A visão conservadora afirma que somente uma elite tem grau de racionalidade e de capacidade analítica necessário para compreender o bem comum. Afirma ainda que a propriedade garante a liberdade, mas exige a desigualdade. Essas ideias estão muito presentes ainda hoje, expressando-se, por exemplo, quando se afirma que o povo não sabe votar, que para ser político são necessários determinados atributos que, normalmente, só os membros da classe proprietária possuem, como nível universitário, experiência administrativa etc. A ação e o discurso contra a presença de trabalhadores, ou daqueles que defendem seus direitos políticos, é algo muito antigo, mas está presente na sociedade contemporânea em geral, e muito claramente no Brasil.
Muitas pessoas pensam que só se pode fazer política institucional por meio de partidos políticos. Mas os partidos nascem por causa da pressão exercida por quem não tem acesso ao poder. Já foi o tempo em que votavam e eram votados, na prática, apenas os que possuíam propriedades e riqueza, ou seja, aqueles que podiam viver para a política, já que não precisavam se preocupar com seu sustento.
Somente quando outros setores da sociedade começaram a lutar por participação na vida política institucional, principalmente os trabalhadores organizados, os partidos políticos começaram a aparecer e a defender interesses diferentes: de um lado, o daqueles que queriam mudar a situação e, de outro, o daqueles que queriam mantê-la.

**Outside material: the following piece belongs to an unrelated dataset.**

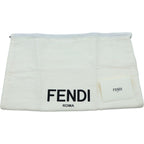 Fendi Simply Shoulder Bag FF Logo Leather Light Brown — view 8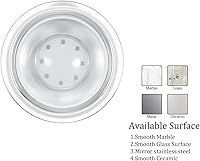 Vista 6 de Zhehao Soporte de cabezal de ducha ajustable, soporte de cabezal de ducha extraíble con ventosa, soporte de succión para montaje en pared sin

É uma aberração considerar a democracia uma criação da burguesia. Essa classe sempre procurou impedir que o liberarismo se tornasse democrático, limitando o sufrágio universal e a ampliação de direitos, como os de associação e de greve, e criando outras tantas artimanhas para excluir a maior parte da população da participação nas decisões políticas. A democracia é a criação continua de novos direitos. Não é apenas consenso, mas principalmente a existência de dissenso.
A democracia que conhecemos instituiu-se por vias selvagens, sob o efeito de reivindicações que se mostraram indomesticáveis. E todo aquele que tenha os olhos voltados para a luta de classes, deveria convir que ela foi uma luta pela conquista de direitos – exatamente aqueles que se mostram hoje constitutivos da própria democracia. Poderoso agente da revolução democrática, o movimento operário talvez tenha, por seu turno, se atolado na lama das burocracias, nascidas da necessidade de sua organização. Acontece, no entanto, para além dos choques de interesses particulares nos quais a democracia corre o risco de se deteriorar, que os conflitos que atravessam a sociedade em todos os níveis sempre deixam visíveis uma oposição geral, que é sua mola mestra, entre dominação e servidão. Sem dúvida, essa oposição nunca é nomeada.